Oh, wait, criminal charges may be filed against BP, but the crooks and liars from Wall Street are just fine. Is it me or do you see the supreme hypocrisy around this whole situation? BP is doing everything under the sun to correct its wrong, I know, it is not enough, but nevertheless they are paying people who lost their livelihood, paying for the cleanup and doing everything in their power to stop the flow of crude from the well and they may face civil and criminal charges. However, the banks, ratings agencies and other related crooks who bilked trillions in bailouts from governments, i.e. the taxpayer, that is you and I, on fraudulent loans and bonds are getting bonuses.
What is going on? What is the difference between BP and Goldman Sachs? Well, for one thing it is the money. Wall Street, collectively, gave Obama $23M in campaign contributions in 2008, the most out of any candidate running in the series that year. Compare that towards the oil and gas industry and it really just does not compare at all, Wall Street has the cash and if you think that has nothing to do with it you are naïve or blind to the hard facts of life.
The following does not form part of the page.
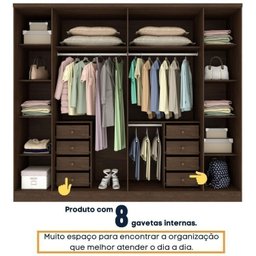 Quarto Casal Completo Guarda Roupa 6 Portas com Cômoda Cama e Cabeceira Tcil Móveis - 8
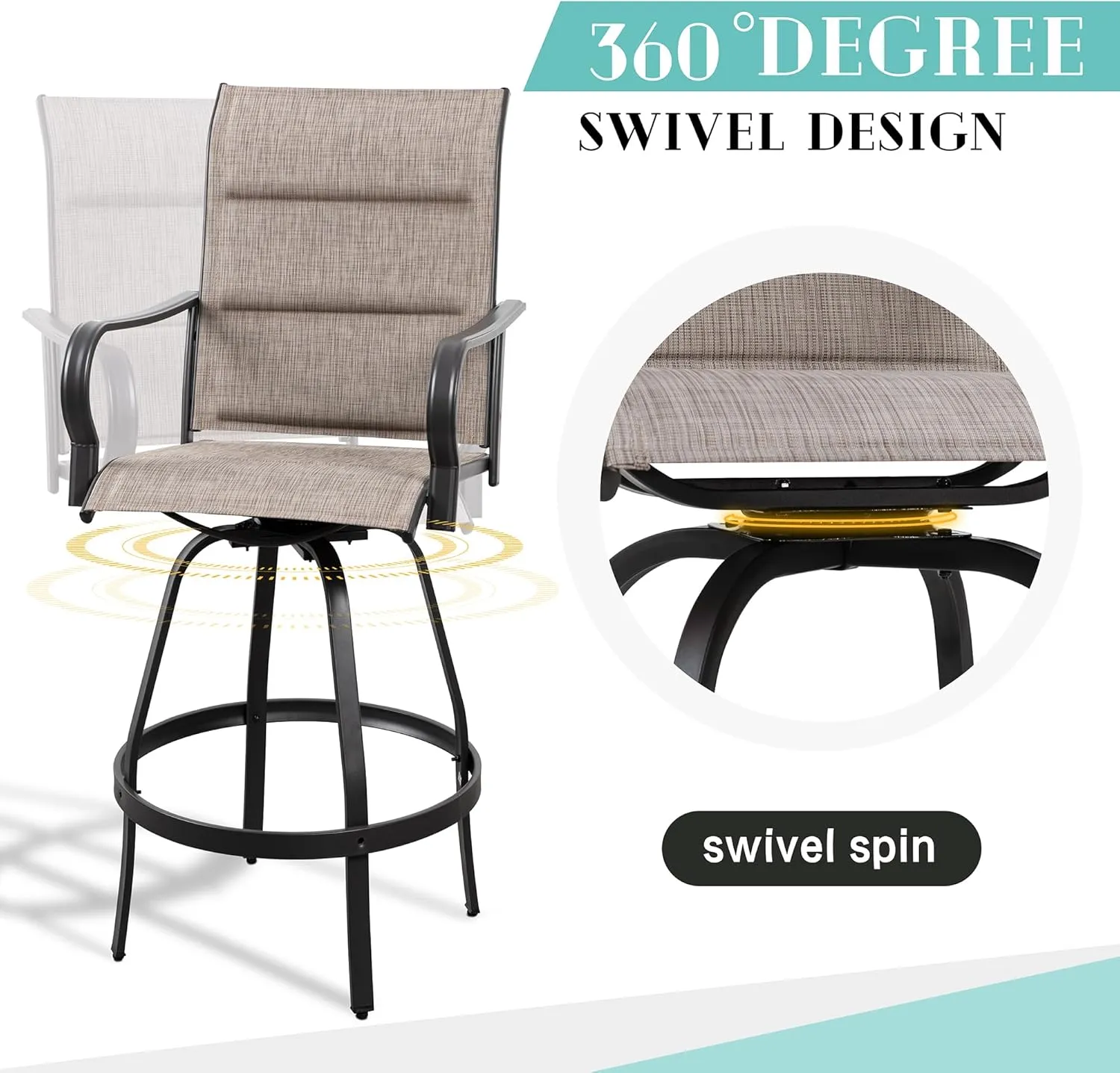 Vongrasig 2 Piece Outdoor Patio Swivel Bar Chairs, All Weather Padded Sling Textile High Top Bar Stools, Bistro Set for Backyard, Lawn Garden, Balcony, Gray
I am not saying BP, which as of yesterday I am a shareholder of, did nothing wrong, but they hardly blew up the financial system and drove millions out of jobs, their homes, blew up retirement plans and the list goes on, but Wall Street did all of that.
Where are the kangaroo trials for Wall Street? Where is that change I can believe in? I do not see it. I see the green lobby getting their kangaroo trials, but not the American people who lost trillions. We got Bernie Madoff which is not exactly a shining example of government efficiency as a whistle blower tried to turn him in 10 years ago, but other than that we got nothing other than an exploding deficit. The bankers got their bonuses last year, actually, if you think about it, they got their bonuses in 2008 as well and were really not impacted at all by the financial crisis in the least. Sure, some lost their jobs, lower level people, but not the main players who made it happen and they are still making millions a year.
The ratings agencies are still doing what they always do, rating paper on fantasyland assumptions which are far from reality and there is zero reform going on there. Goldman is going whatever Goldman does, perfect trading days for all of 2010, how does that happen? Citi is getting right back into the game of packaging and selling CLO’s again, more garbage to go into your mutual fund, how exciting! Yet, Chuck Prince still has his millions, John Mack still has his millions, all the executives at Lehman are still wealthy, same at Bear Sterns, but what about their bond holders and shareholders? What about Repo 105?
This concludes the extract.